For Johan H. Benthin, the multi-layered abstract image is more than a mere picture
One is struck by Johan Benthin's highly disciplined approach to colours and forms.
A FASCINATING exhibition of abstract paintings, More Than The Eye Can Perceive, on at Time and Space Art Gallery, presents to the viewer a range of works of Johan H. Benthin.
Born and educated in Denmark, Johan is a freelance visual artist who lived in Bangalore for seven years before moving to Mysore. "I spent the 1950s mostly in Scandinavia and visited South England. In the '60s, I was for a good part in South and North America. In the '70s and '80s, I had my studio in Germany. Since the late '90s, India has been my choice of residence," he says.
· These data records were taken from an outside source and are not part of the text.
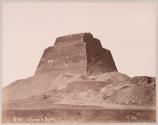 La Pyramide de Meydoun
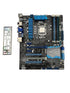 Moderkort ASUS PBZ77-V ATX med med Processor intel core i5 och RAM minne (beg)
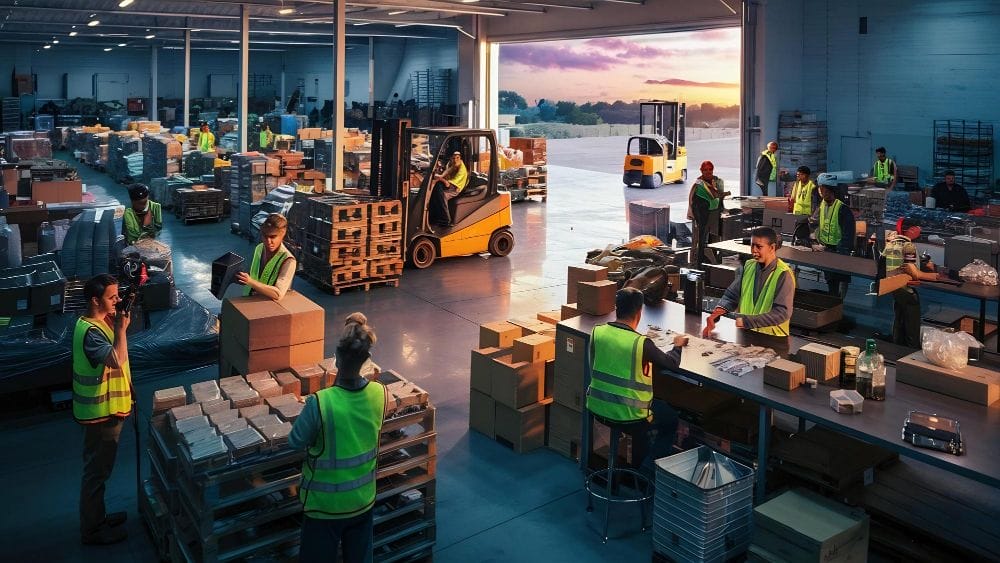 manufactured goods manufactured goods
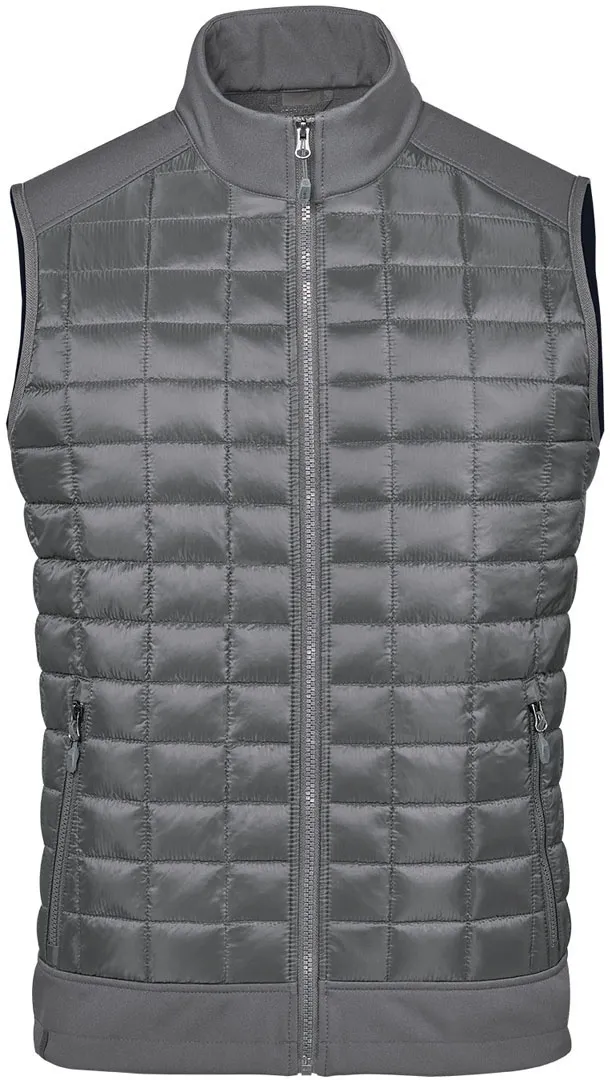 TVX-2M Appalachian Thermal Softshell Vest (U)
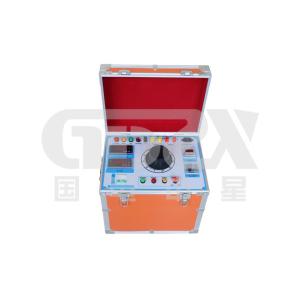 China Gas Testing Transformer With SF6 Gas Application Technique on sale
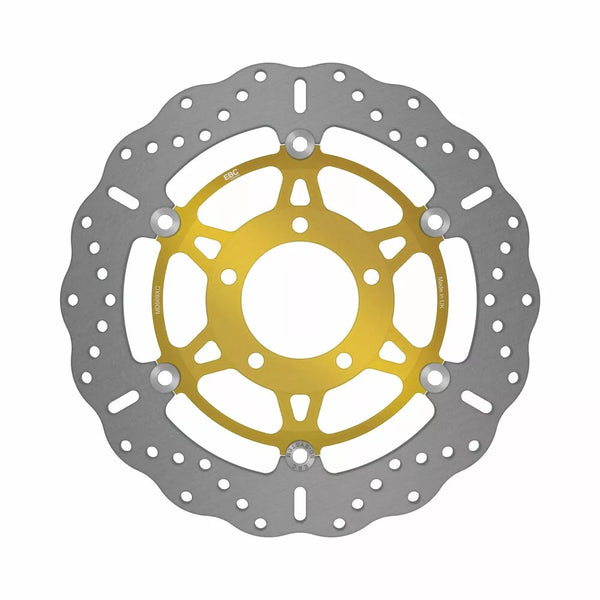 Rotor de frână EBC FLT WAVE XC MD669XC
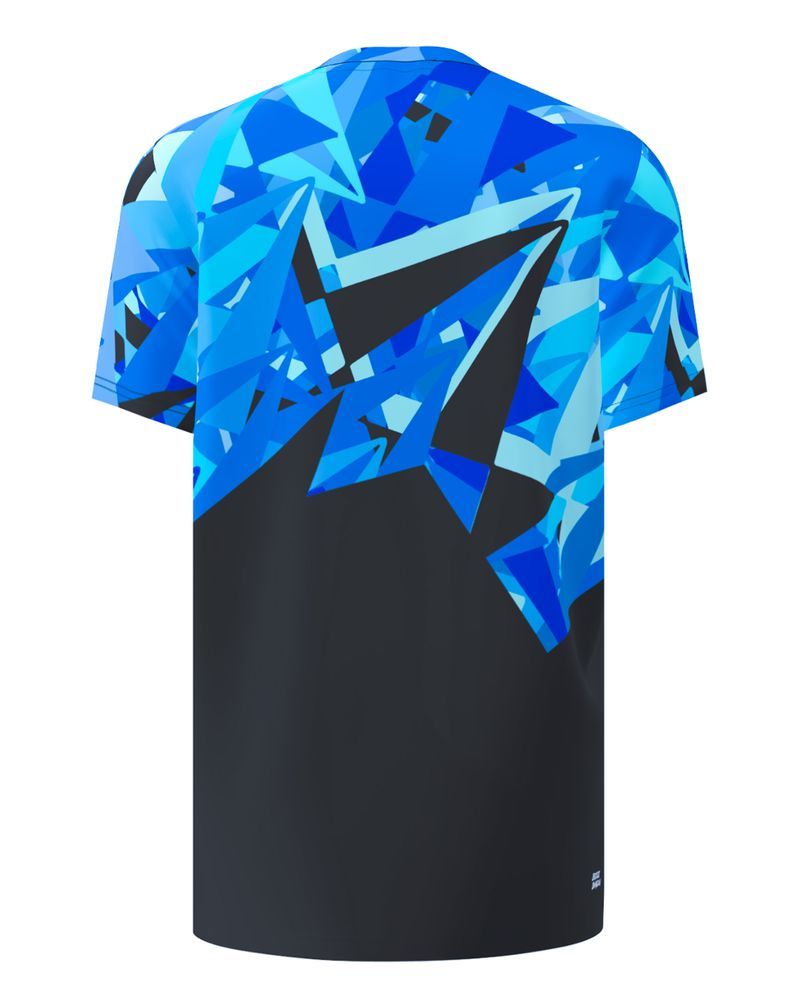 Футболка мужская Spike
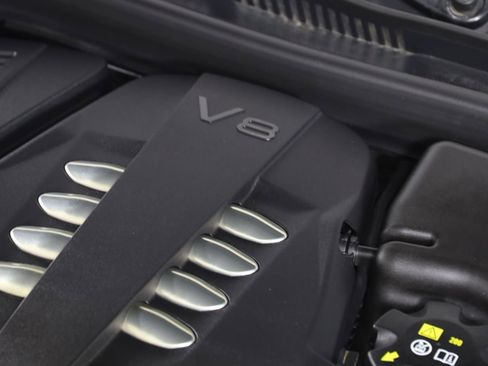 Used 2024 BMW ALPINA B8 xDrive Gran Coupe image 29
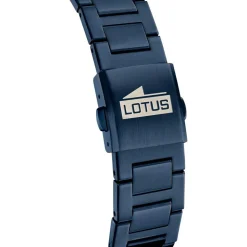 Montre Lotus Excellent Bleu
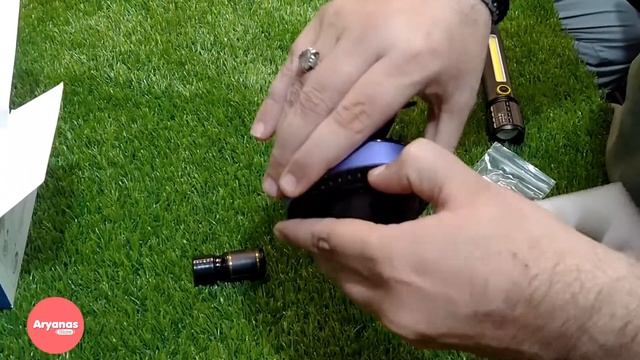 Solar Helicopter Car Seat Aromatherapy Air Perfume Freshener  Helicopter Car Seat Aromatherapy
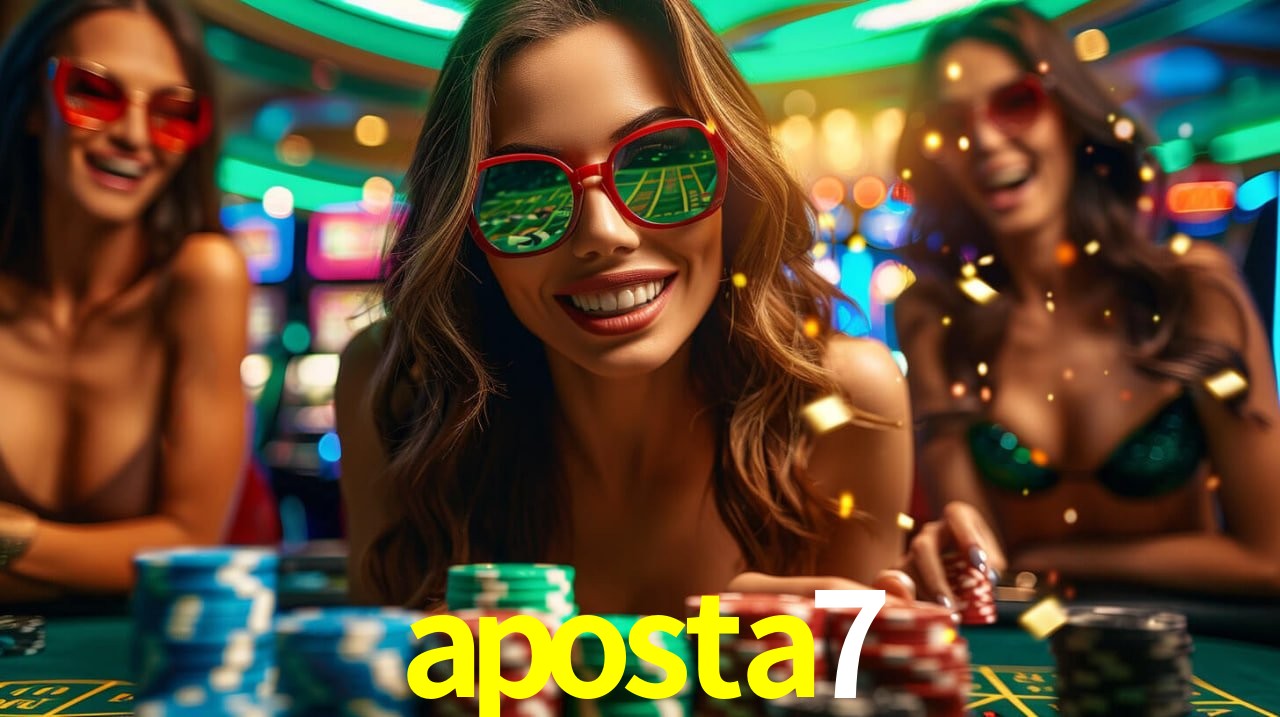 Experiência VIP aposta7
Besides India, Johan has held solo and group shows in various corners of the world. The 68-year-old artist, who has won several international recognitions, regularly conducts workshops and seminars.
Johan, who likens his art to music (he enjoys both Western and Carnatic classical music) asserts his paintings are "pure emotions which are transported through tones of colour, separated (as well as kept together) by forms..."
He adds: "My abstract pictures are created for the purpose of conveying a mood... It may be difficult to provide verbal affiliations, but then, I've always believed that real painting is beyond the verbal. I work meticulously on my works, some of which have as many as 30 layers of paint!"
Surprisingly for an abstract painter, Johan provides titles to his images.
"I give titles to guide the viewer. As a road-sign indicating in which direction the intention of the artwork is to be found. The works are not illustrations to verbal expressions, but a visual attempt to reach further than the verbal facilities are able to," he explains.
As one views the showcased works, one is struck by a highly disciplined approach to colours, forms, and textures. In some of the innovatively extended compositions, the exhilaration of motifs seems to dominate, while in others, it is the sensation that take precedence. In either case, the control of the artist on his medium is commendable.
There are several attention-grabbing works in the exhibition. Departure, emphasises the force of separation through a pair of black vertical stripes delineated against a predominantly blue background, while Overcoming The Force Of Gravity represents the symbolic flight of a rugged object from its base. Solar Plexus is a comparatively large work awash with bright yellow and intercepted by white, black and grey stripes and shapes. Proportion Two To One is another fascinating piece, where wrinkled sheets of transparent paper are used to create a unique feel and texture. Sentinel works as a charming assemblage of squares and rectangles.
While Door Of Perception uses soft hues and Window To An Intimate Life displays a dark background with a hint of a red curtain. The Gate is an introspective glance at a physical structure. Eruption, as the name suggests, creates a dynamic movement.
But An Emotional Thunderstorm tends towards being a highly restrained yet expressive work.
Equally endearing are the smaller pieces each as tiny as a postcard. Johan calls them Deskart, where manipulated photographs are combined with handmade paper, collaged and painted with acrylic colours before mounting on watercolour-carton or handmade Indian Torchon paper.
"Although the format of these artworks leans towards the old Indian tradition of miniature painting," explains Johan, "the artistic concept, as well as the chosen medium, is of more recent origin. Its intention is to function as an emotional eye-opener; with at least the same level of artistic quality, as could be expected of larger works."
Says curator Akumal Ramachander: "Johan's paintings are truly international class and as good as one can hope to get. They can as well be hanging in any prominent gallery in Paris or London."